Struggling to show that this series converges.

[Set Abominae]

Hi there,
I'm trying to show that \sum\frac{log(r)}{r^{a}} (r going from 1 to infinity) converges using the ratio test, but I can't seem to deal with the log(r+1)/log(r) term.
Any help would be much appreciated.

Thanks.

 

[slippers]

Is it not sufficient to note that r^a/(r+1)^a is a null sequence, so anything it is multiplied by will also be a null sequence? (null x bounded = null...etc).

 

[zetafunction]

i would use this (it is supposed that your series goes from n=1 to infinite

integral criteria , if the integral \int _{1}^{\infty} dx log(x)x^{-a} converges so does your series

on the other hand an useful trick is to use the expansion of log (r+1) for big r

log(r+1)=log(r)+log(1+1/r) and since 1/r is small you can expand it into a/r+b/r*r and so on

 

[JG89]

It depends on your value of a. If a is negative, the series diverges. If 0<= a <= 1 then for r >=3 we have \frac{1}{r^a} &lt; \frac{ln(r)}{r^a} and so \sum\frac{1}{r^{a}} &lt; \sum\frac{ln(r)}{r^{a}}. The left side of the inequality diverges (because 0<= a <= 1) and so the series on the right side diverges.
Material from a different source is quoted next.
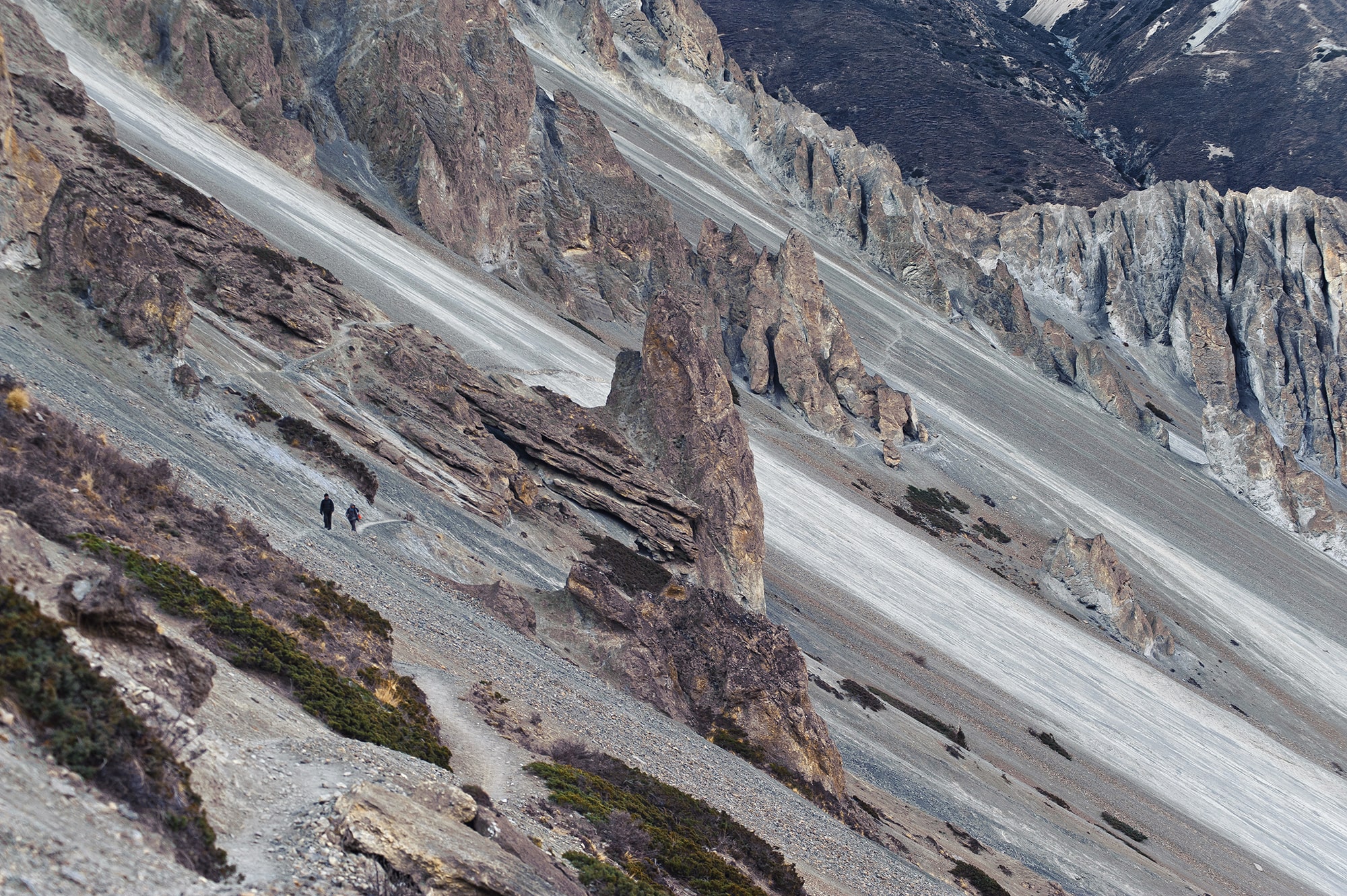  Annapurna Circuit Trek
I haven't thought about a > 1 yet. I'll get back to that when I get back home.

 

[Set Abominae]

It depends on your value of a. If a is negative, the series diverges. If 0<= a <= 1 then for r >=3 we have \frac{1}{r^a} &lt; \frac{ln(r)}{r^a} and so \sum\frac{1}{r^{a}} &lt; \sum\frac{ln(r)}{r^{a}}. The left side of the inequality diverges (because 0<= a <= 1) and so the series on the right side diverges.

I haven't thought about a > 1 yet. I'll get back to that when I get back home.

I should have mentioned, I was considering a>1. Thanks.